There is a class of women with elementary passions, who will tolerate no substitution, whose psyche cannot become interested in anything else. Such are hopeless for psychoanalysis.

One should emphasize the resistance aspect of the so-called “love.”

A genuine love would make the patient amenable, willing and eager to solve the problem of her case, if for no other reason than to help the beloved man. Such a one would choose to go the way of a complete cure in order to honor the physician — prepare a place in reality in which her affectionate feelings might have their proper place. Instead of that the patient is obstinate and disobedient; throws away all interest in the treatment; shows no respect for the deeply founded convictions of the physician. Resistance thus shows itself in the form of “love.” When the physician refuses to play this sort of a game, the patient withdraws embittered, in a spirit of revenge.

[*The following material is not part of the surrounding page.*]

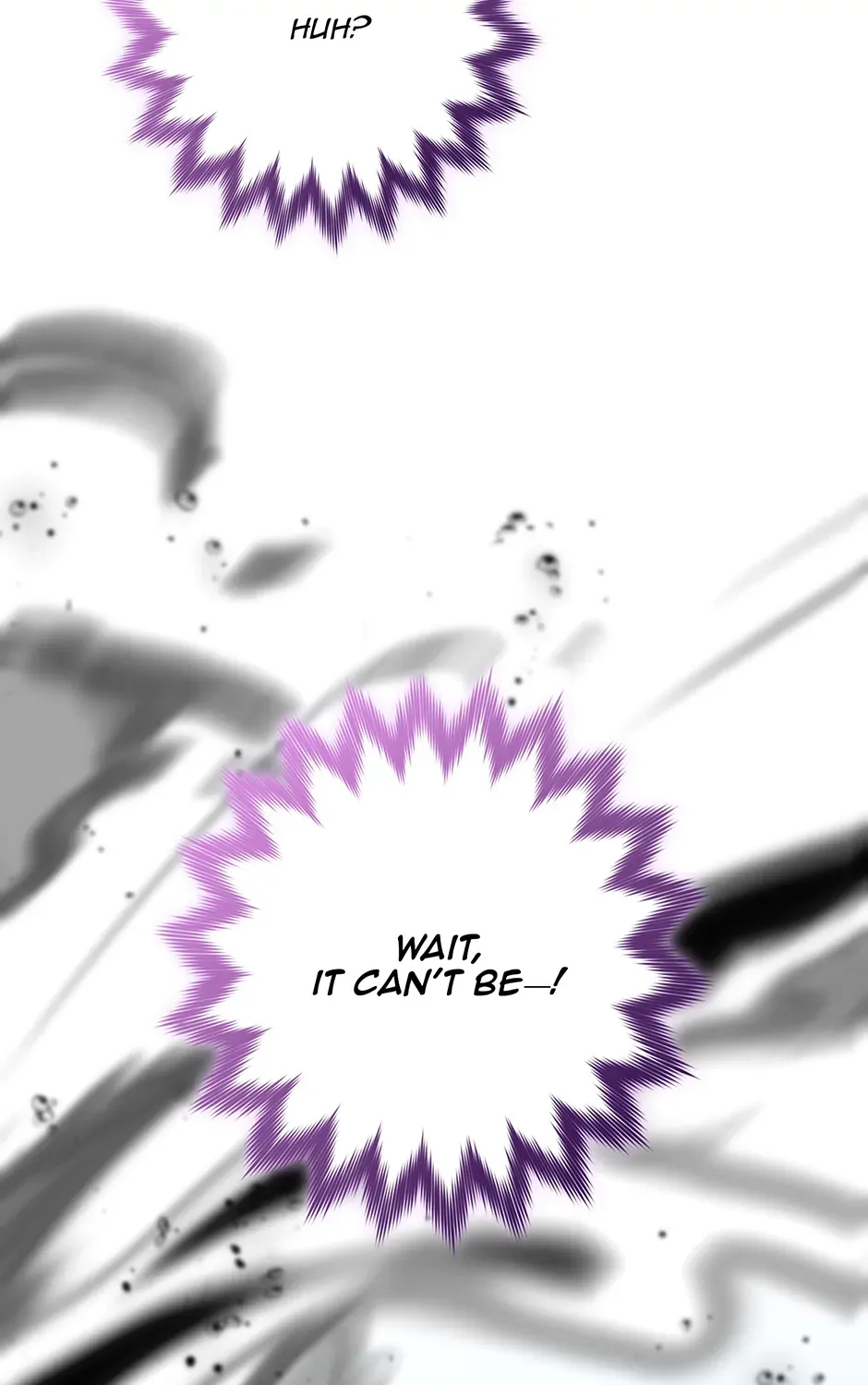 The Hero Went Crazy Even Though I’m the One Who Died Kainu Manga Chapter 48 Page 120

But in the manifest “love” is there nothing real to be taken advantage of? For the analyst the ethical and professional motives are identical. He must remember that the patient is sick because of her fixation on her infantile form of love. His task is to help her to rise above the pleasure-pain principle of the unconscious and to live in reality.

The analyst has a three-fold battle to wage: i Against the power in himself tending to drag him down from the psychoanalytic level; 2 outside the analysis, against the opposition to the sexual significance of the symptoms and over-valuation of sex; 3 within the analysis, against the attempt of the patient to take him captive by her passionateness.

2.Some Remarks on the Theory of Resistance. — The resistance of the patient shows itself in all those obstructions which he puts forward as interfering with the recovery of his health, such as social and financial reasons, family conditions, etc.

Perhaps the most prominent resistance of the patient is his forget-fulness. We all know how the patient is told to tell everything and not to “censor” anything. Yet he does, and later says he forgot.

Patients in whom a quick and easy transference takes place often put up later a bitter and lengthy resistance the overcoming of which requires great effort. Patients who show a strong resistance in the beginning, however, have a much better prognosis.

There are more or less open expressions of the resistance in bursts of anger against the physician.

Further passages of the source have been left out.